Americana, Made in America, Traditions
on June 3, 2010
bushel-basket-sweetgum-weave
David Mudd Bushel size baskets are fashioned from 16 strips of sweetgum wood, which are layered into a webbed mat.
https://americanprofile.com/wp-content/uploads/2010/06/bushel-basket-sweetgum-weave-150x150.jpg

When tomato farmers in Jacksonville, Texas (pop. 13,868), needed containers for harvesting and shipping produce in the early 1900s, Texas Basket Co. fulfilled the need, and the company has been building wooden bushel baskets ever since.

"This is the oldest mill making fruit and vegetable baskets in Texas," says owner Martin Swanson, 57, standing amid buzzing and clanging machines that saw, shave and slice enough sweetgum logs into strips to produce up to 12,000 baskets each day.

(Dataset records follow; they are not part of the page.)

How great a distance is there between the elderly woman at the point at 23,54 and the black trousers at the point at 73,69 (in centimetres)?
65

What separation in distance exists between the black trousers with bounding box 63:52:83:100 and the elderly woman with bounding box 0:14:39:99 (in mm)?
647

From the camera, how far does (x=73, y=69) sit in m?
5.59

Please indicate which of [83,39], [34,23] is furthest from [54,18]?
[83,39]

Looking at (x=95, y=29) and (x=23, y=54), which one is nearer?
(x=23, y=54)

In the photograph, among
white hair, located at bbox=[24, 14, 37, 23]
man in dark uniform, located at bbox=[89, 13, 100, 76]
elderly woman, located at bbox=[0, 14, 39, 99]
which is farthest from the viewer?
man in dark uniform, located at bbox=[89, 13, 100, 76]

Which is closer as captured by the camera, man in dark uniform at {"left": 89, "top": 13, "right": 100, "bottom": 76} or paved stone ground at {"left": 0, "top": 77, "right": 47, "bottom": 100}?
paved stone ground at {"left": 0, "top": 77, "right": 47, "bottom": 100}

On the factory floor, Erasto Ponce, 63, places a wooden strip on a pattern wheel, then slaps a second strip crosswise. With hands that move swiftly from 20 years of experience, he slaps on one strip after another until he has layered 16 strips into a webbed mat, which he fastens with a staple gun before a machine bends the wood to form a basket.

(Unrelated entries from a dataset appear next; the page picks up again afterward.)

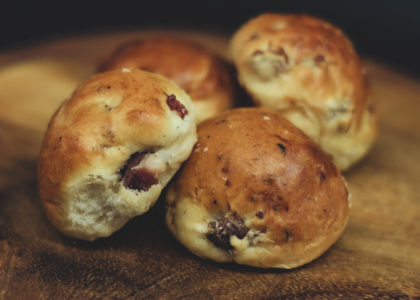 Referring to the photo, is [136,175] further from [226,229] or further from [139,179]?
[226,229]

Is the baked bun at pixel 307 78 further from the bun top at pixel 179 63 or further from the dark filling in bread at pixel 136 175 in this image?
the dark filling in bread at pixel 136 175

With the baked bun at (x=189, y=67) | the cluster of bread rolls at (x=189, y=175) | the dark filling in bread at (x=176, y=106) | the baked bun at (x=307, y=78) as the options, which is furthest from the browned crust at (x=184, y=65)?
the dark filling in bread at (x=176, y=106)

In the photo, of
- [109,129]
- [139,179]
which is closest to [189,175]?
[139,179]

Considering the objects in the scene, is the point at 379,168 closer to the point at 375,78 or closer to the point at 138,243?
the point at 375,78

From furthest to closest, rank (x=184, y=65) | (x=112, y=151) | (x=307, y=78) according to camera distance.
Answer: (x=184, y=65), (x=307, y=78), (x=112, y=151)

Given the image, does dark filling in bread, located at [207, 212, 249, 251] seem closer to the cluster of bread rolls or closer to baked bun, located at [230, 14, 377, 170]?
the cluster of bread rolls

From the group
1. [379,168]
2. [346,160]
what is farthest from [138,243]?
[379,168] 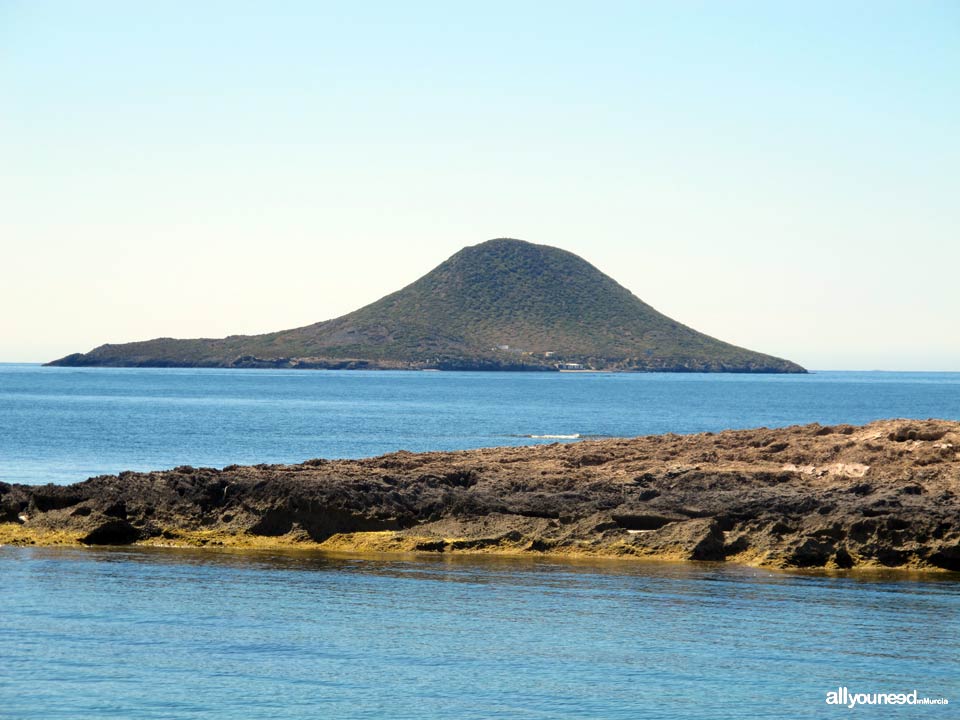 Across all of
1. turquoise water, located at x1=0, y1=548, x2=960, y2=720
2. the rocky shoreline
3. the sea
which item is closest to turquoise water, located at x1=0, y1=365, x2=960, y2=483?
the rocky shoreline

"This basket is native to America," says Swanson of the half-bushel container being built by Ponce. "It was made for American produce."

In the 19th century, baskets were as commonplace as plastic bags are today. Basket-making companies flourished in Texas in the early 1900s, with nearly two dozen statewide, including four in Jacksonville, known at the time as the "Tomato Capital of the World." In the 1940s, many of the companies closed as cardboard boxes began to replace baskets.

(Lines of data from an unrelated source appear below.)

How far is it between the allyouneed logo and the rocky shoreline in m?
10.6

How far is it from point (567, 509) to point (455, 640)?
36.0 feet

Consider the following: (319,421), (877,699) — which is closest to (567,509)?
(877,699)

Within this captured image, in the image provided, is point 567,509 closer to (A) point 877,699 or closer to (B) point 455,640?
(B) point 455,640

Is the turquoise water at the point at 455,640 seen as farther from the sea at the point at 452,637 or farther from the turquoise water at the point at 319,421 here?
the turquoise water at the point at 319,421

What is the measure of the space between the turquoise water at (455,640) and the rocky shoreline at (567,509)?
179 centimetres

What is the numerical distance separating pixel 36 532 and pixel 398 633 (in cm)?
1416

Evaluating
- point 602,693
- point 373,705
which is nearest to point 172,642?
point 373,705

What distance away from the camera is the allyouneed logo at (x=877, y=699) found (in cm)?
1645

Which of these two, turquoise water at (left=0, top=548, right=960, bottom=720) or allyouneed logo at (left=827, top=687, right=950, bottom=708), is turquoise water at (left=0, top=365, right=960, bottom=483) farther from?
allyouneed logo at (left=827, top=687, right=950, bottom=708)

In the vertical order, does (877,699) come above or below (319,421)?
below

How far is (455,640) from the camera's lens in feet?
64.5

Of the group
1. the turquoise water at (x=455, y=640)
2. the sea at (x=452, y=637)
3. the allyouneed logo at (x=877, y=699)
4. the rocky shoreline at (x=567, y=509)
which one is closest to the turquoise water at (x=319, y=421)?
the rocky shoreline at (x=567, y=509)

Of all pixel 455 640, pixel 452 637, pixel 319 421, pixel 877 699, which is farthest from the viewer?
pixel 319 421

When Swanson and his late father, J.C., bought Texas Basket Co. in 1976—becoming the fourth family to own the business since 1919—they added more basket styles and found new customers, including hobby and craft stores, candy and gourmet food shops, and nurseries and florists.

"We keep coming up with new ideas," says Swanson's wife, Jackie, 56.

Today, the company makes novelty baskets shaped like giant coffee cups, watering cans and the state of Texas, Easter baskets and berry baskets, and wooden crates and display racks. Natural, stained or painted wood produce baskets are built in various sizes, including a half-peck and a bushel.

Longtime customers Cleve and Lesley Moore use the produce baskets to store and display green beans, corn, gourds, bell peppers and other fresh vegetables at their farm in nearby Bullard (pop. 1,150) and at farmers' markets.

"We prefer the baskets over cardboard or waxed boxes because they look fresh and old-fashioned," says Cleve, 40. "We wash and air dry the baskets and get two or three years out of them. One of the most important things for us is the baskets come from a natural, renewable resource."

"A never-ending challenge at the factory is keeping the factory's aging machinery running. Nobody makes basket machines, so we have a machine shop to make our own parts," Swanson says.

Plant manager Dave Haberle, 63, who has worked for the company since 1980, knows the idiosyncrasies of each piece of equipment from the machine that peels bark from sweetgum and birch logs to the massive boiler that produces steam to make the wood pliable.

"It's like grandpa's axe," Haberle says about the 90-year-old equipment. "It's had five handles and two new heads."

Swanson calls the factory a working antique, and such a rarity that it has become a tourist attraction. From an observation room above the factory floor, visitors can watch some of the company's 100 employees crafting baskets, and in the gift store, customers can select from some of the company's 200 different styles.

Texas Basket Co.'s products are sold worldwide and, across the United States, its baskets can be found filled with almonds in California, mums in Colorado, seashells in Florida and crabs on the dock of Chesapeake Bay in Maryland. "It's always fun to visit someplace and see our baskets," Swanson says.

And, of course, they are still used to tote tomatoes in Jacksonville, Texas.